図をみると、搭載されているコンプレッサーとリチウム電池は抽出した酸素を呼吸のために集める機構であって、水を吸引する機構じゃない(当たり前だけど、口元にチョコンと突き出る程度のサイズの電池とモーターで大量の水を吸引することは出来ない)。
人造エラはハリボテで、その中身には小型の2~3分持つボンベが隠されているのであろうという指摘が数多く上がっています。
正直、これを見た時スゲー惹かれました。
もし本当に「真のトリトン」があるとしたら・・・300ドルだろうが600ドルが出して買うと思います。
応援したいプロジェクトです。
これがあれば自分の釣りを・・・海底地形調査を・・・根本から変えることになると思います(素潜りが得意なのです)。
・・・ですが
残念ながら提示されているスペックのモノが完成することは(高確率で)ない案件です。
1分に25ml程度の純酸素しか生産してないはずなのに、動画の使用者がいつまでたっても泡をブクブク吐き出し続けているのはおかしいじゃないですか。
考えられる理由は:
A) 使用者の肺の容量が飛び抜けて大きく、水中に入るまえに吸引した空気が吐き出され続けている
B) 実はトリトンは水中で酸素以外の気体も大量に取り込むことができ、それが呼吸とともに吐き出されている
C) トリトンの中には気体を納める小型タンクが入っており、それが吸われて吐き出されている
どれでしょうかね(苦笑)
因みにこのトリトンのクラウドファンディング、返金のハードルはかなり高いです
・出資金が既に開発者へ送金されてしまっている
・出資期間が終了している
・出資に伴う特典・特約が実行されている
返金申請時に上記いずれかの事が成されていれば返金されません。
ただし例外的に
・クラウドファンディング会社が返金事例であると認める
ならば返金の可能性があるそうです。
それ以外の状態で返金を求めたいのであれば出資者が独自に自己責任のもとで開発者に返金を求めてくれ(クラウドファンディング会社はノータッチ)、とのこと。
つまりこの案件だと出資期間の終了が製品の最終化より早いので、完成された製品が出回っている段階で出資者がそれに不満があるから返金を要請してもほぼ不可能であるということです。
ビジネスモデルの勃興期には必ずこの手の・・・理系詐欺とでもいいましょうか・・・「革新的な製品」の話が出ては消え、消えては出るものです。
理系コンプレックスを抱きやすく、しかも他人をコロっと信じてしまいがちな日本人は、どうやってクラウドファンディングという新しいモデルと付き合っていくべきなんでしょうか?
商業的な出資であるという認識をしっかり持てば提案されるモノやサービスに対して冷徹な眼で観ることが出来ると思いますが、クラウドファンディングの場合「素質ある人の理解者・支援者となってあげる」という感情的な面が存在するから難しいんですよね・・・性善説が通用する「慈善活動」的な要素も併せ持つので。

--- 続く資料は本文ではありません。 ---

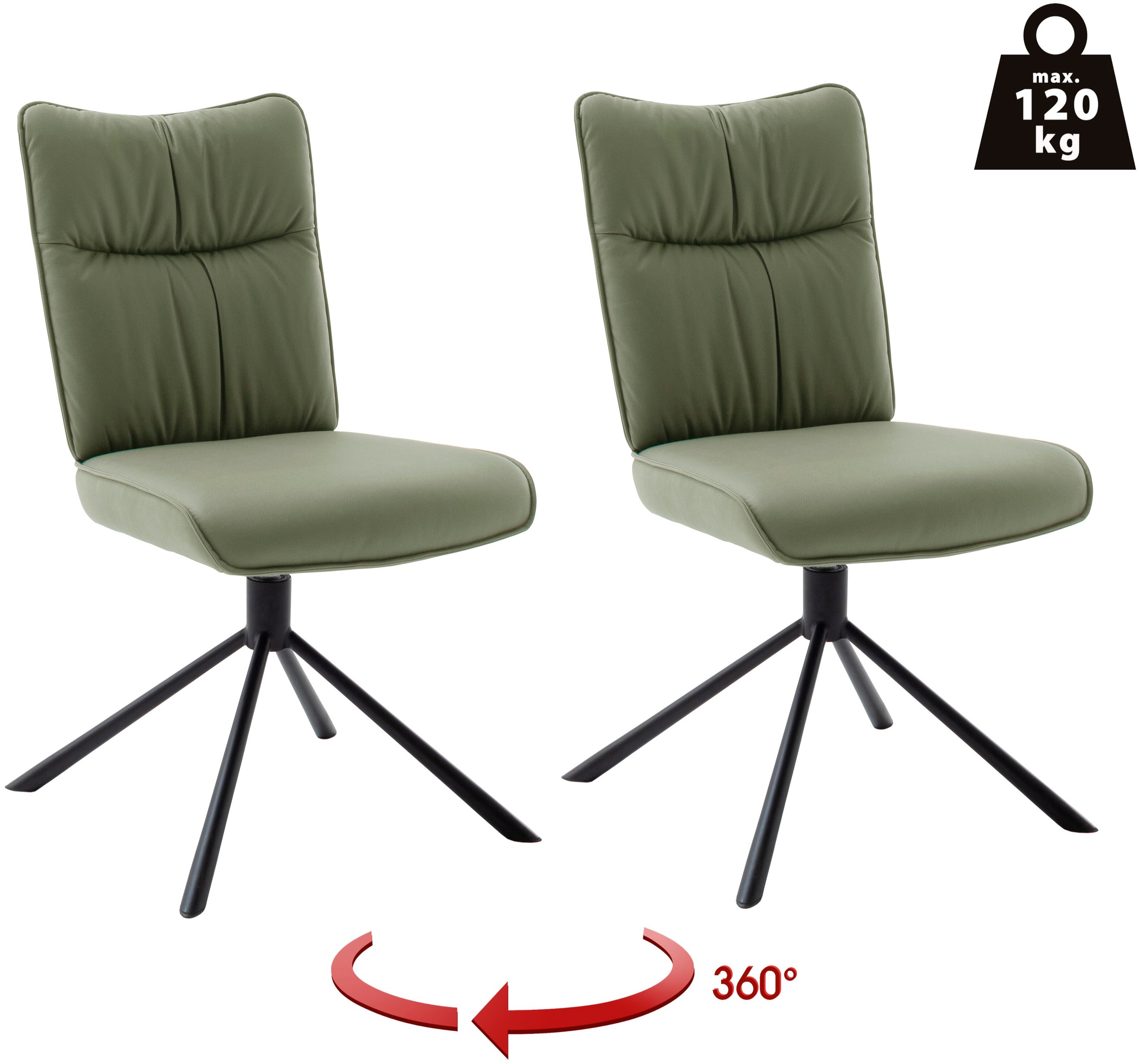 MCA furniture 4-Fußstuhl "MARIN Esszimmerstuhl (2er Set) - Stuhl", (Set), 2 günstig online kaufen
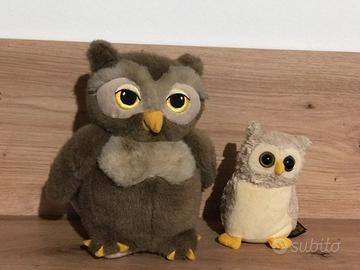 Set 2 Peluche Civetta Edvige Harry Potter Trudi
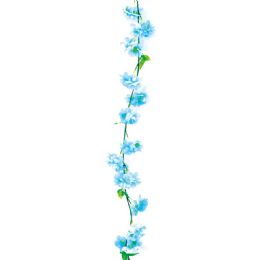 48 Wholesale 6 Foot Flower Vine Light Blue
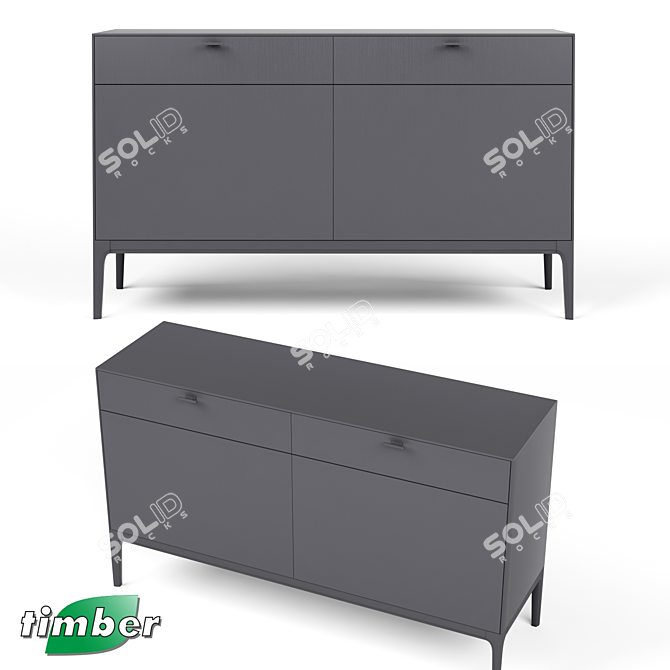 VERONA Dresser: Stylish & Functional 3D model image 1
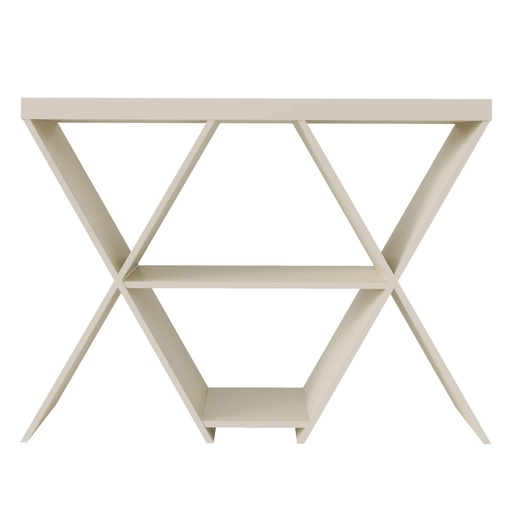 [4152] ESTRELA CONSOLE TABLE - OFF WHITE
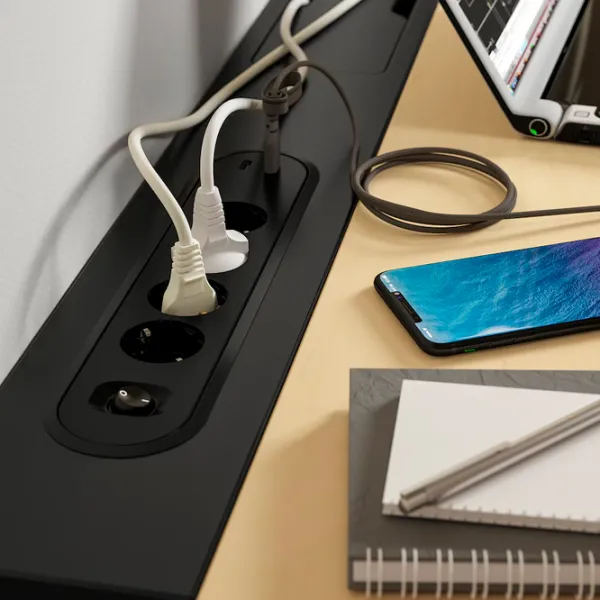 Masă de birou Ikea Mittzon PAL/ Stejar Sonoma photo 8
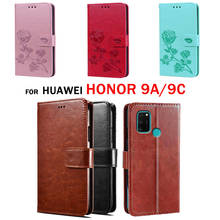 Caso de couro premium para huawei honor 20 s 20 lite juventude luxo flip 3d padrão capas capa para honra 10i 20i carteira telefone casos 2024 - compre barato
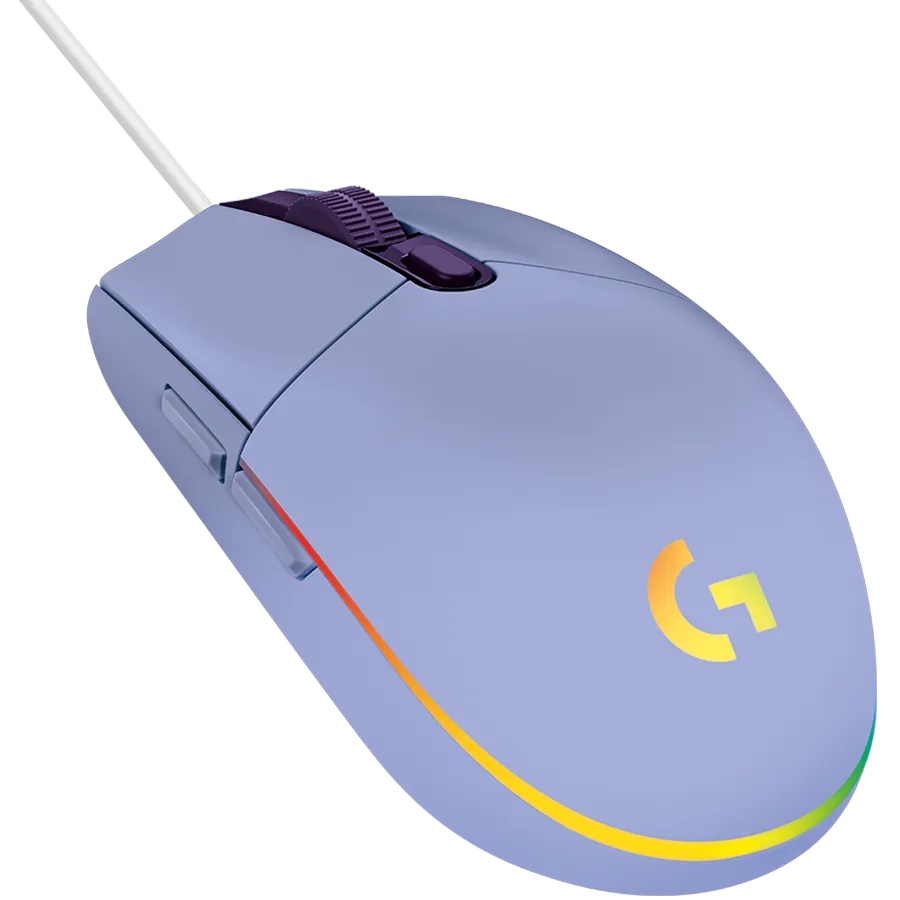 LOGITECH G102 LIGHTSYNC Corded Gaming Mouse - LILAC - USB - EER Slika 2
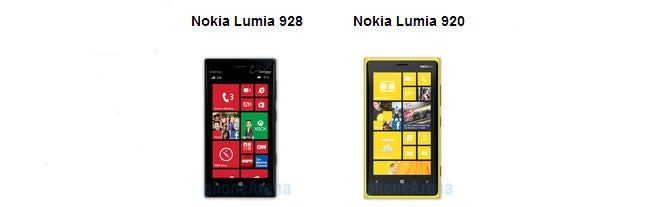 Verizon's Nokia Lumia 928 vs AT&T's Nokia Lumia 920: here are all the differences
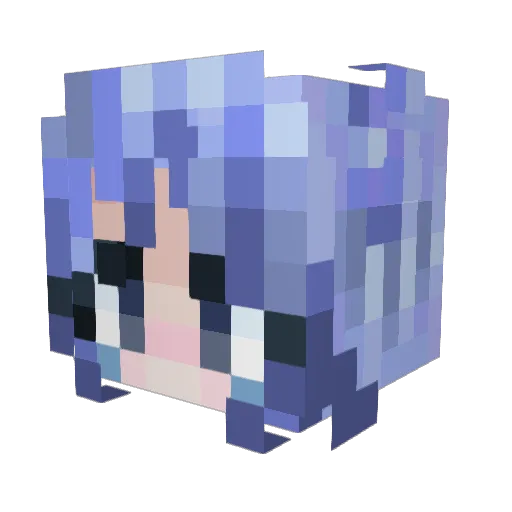 AY0Adr1 Minecraft avatar head, 3D render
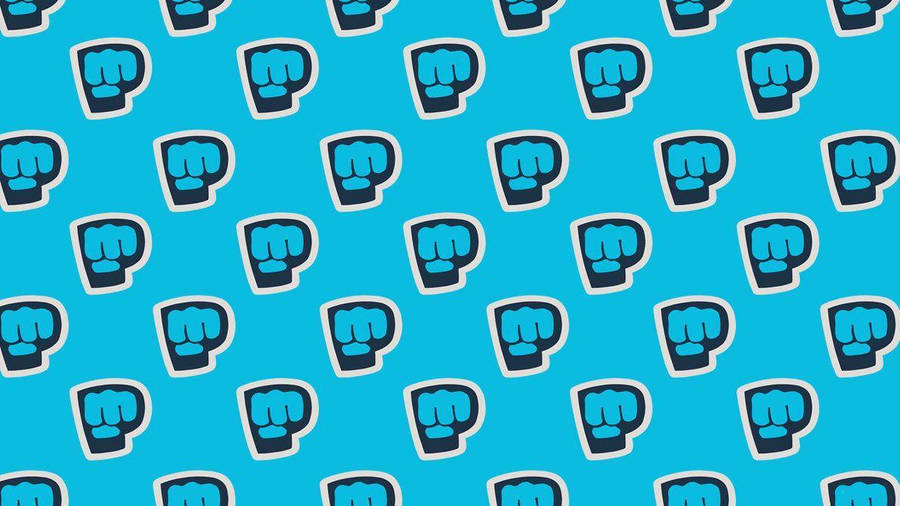 Pewdiepie Blue Brofist Pattern Wallpaper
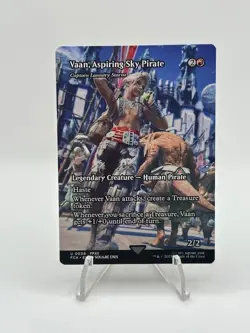 MTG: Final Fantasy | Vaan, Aspiring Sky Pirate Captain Lannery Storm Showcase - Image 1
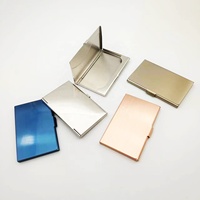 Porte-cartes de crédit bancaire en métal aluminium Porte-cartes de visite Étui portefeuille avec logo personnalisé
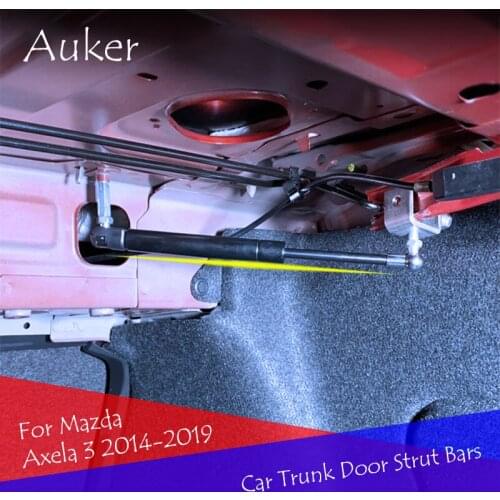 Rear Door Trunk Box Supporting Hydraulic Lift Rod Strut Spring Shock Bars Bracket Accessories For Mazda Axela 3 2014-2019
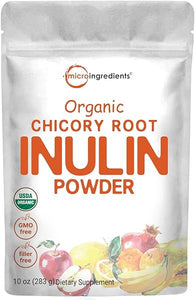 Micro Ingredients Organic Chicory Root Inulin Powder, 10 Ounce, Natural Prebiotic Fiber for Intestinal Colon and Gut Health, Non-GMO and Vegan Friendly in Pakistan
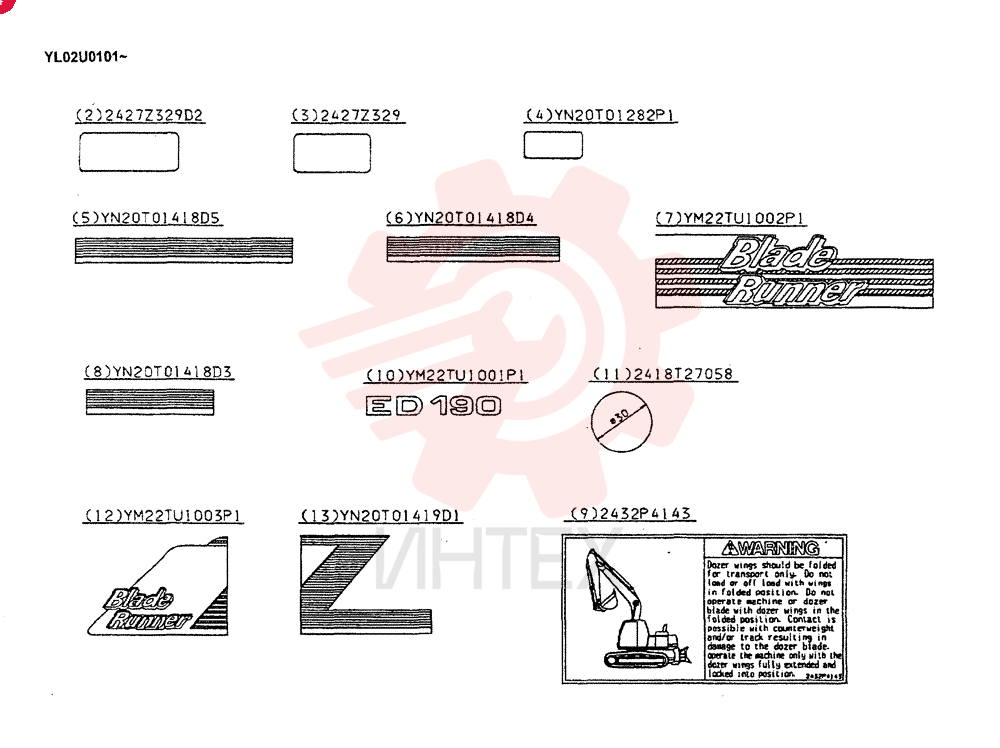 NAME PLATE ASSY YM22TU0001F1 (2)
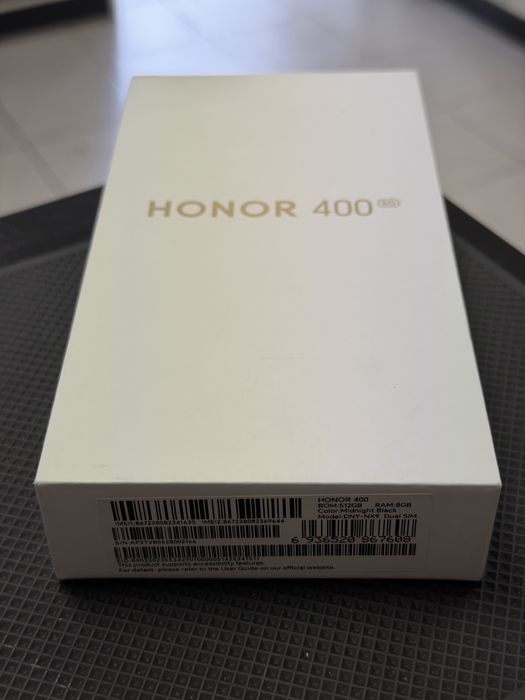 Honor 400 5G Midnight Black 512GB 8GB RAM Dual Sim ЧистоНов 2г Гаранция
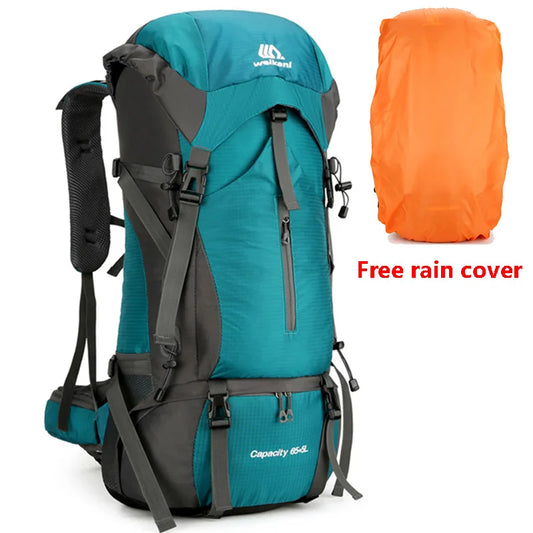 Nylon Camping Travel Bag With Rain Cover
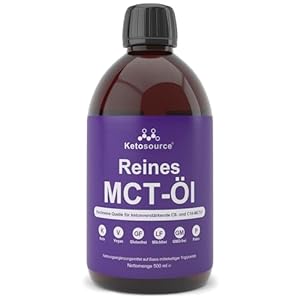 Ketosource Reines MCT-Öl 500ml Flasche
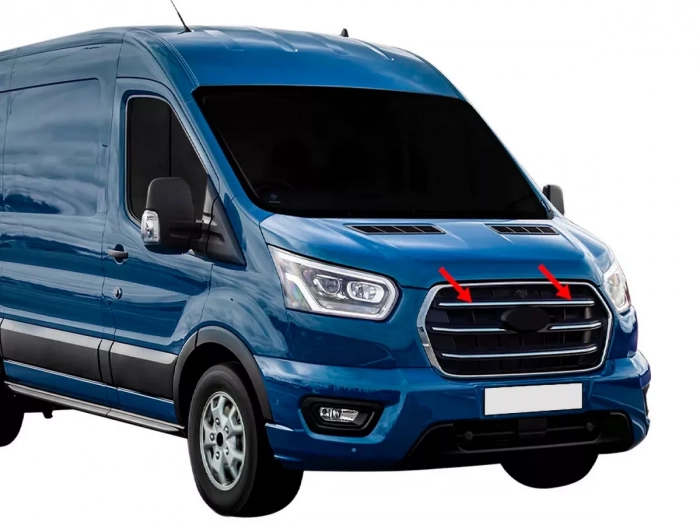 Хром накладки на решітку Ford Transit Mk9 (20-) - Omsa 5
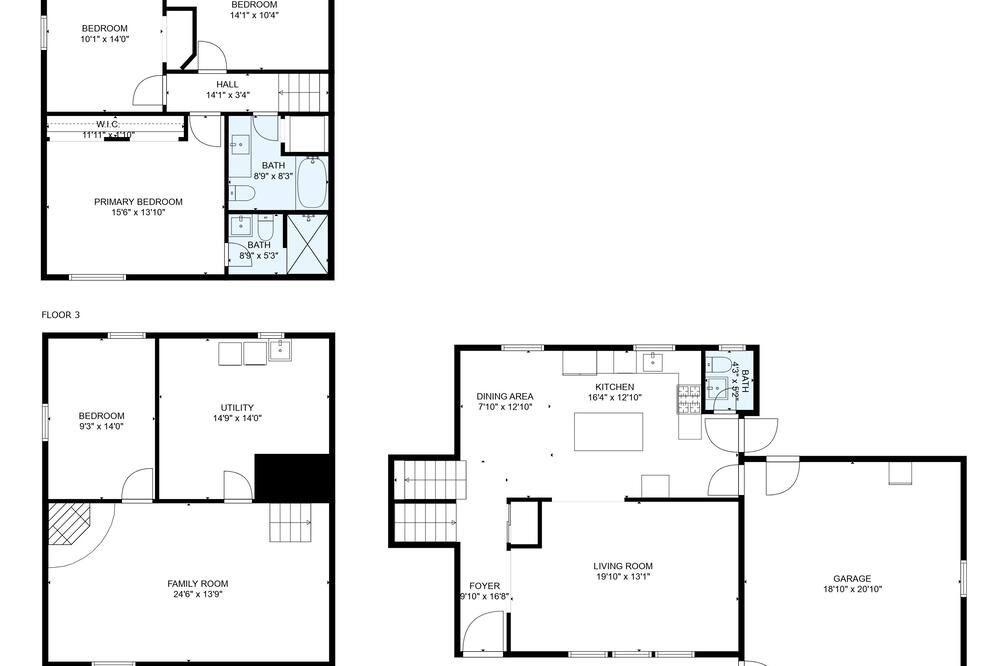 Drift Away Den - Stevensville - Floorplan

いずれ日本でもフィッシング・アウトドア用品の分野でも似たような詐欺まがいのクラウドファンディング事例がでてくると思います。
ちょっと考えたら物理的に不可能なはずだとわかるのに、「新機構により~」「新素材が~」「従来の組み合わせになかった~」という甘いセールストークでお金を集め、実際は全然たいしたことないモノが作られるケースが。
あ、クラウドファンディングじゃないですけど、既にありますよね・・・
「世界最強のPEライン事件」とか(笑)
0.3号で1号に匹敵する15LB(6.8kg)の強度・・・
8本撚り高密度の超高品質PEライン・・・
http://www.gear-lab.com/products/detail236.html
なんということはない、0.8号の太さのPEを0.3号と称して売っただけ・・・
ルアーといい、ラインといい、リールといい、ロッドといい、釣りというジャンルは実際の性能を無視して誇大広告しても逃げ道が用意されいているのでクラウドファンディングを使った詐欺モドキには親和性が高いわけです。
しかもシーバスアングラーになると・・・「ギョーカイジン」に憧れる人、自身もその一員になりがたっている人の割合がさらに高いので、その心理を利用した「出資の特典」なんかに釣られないよう気をつけたいですね。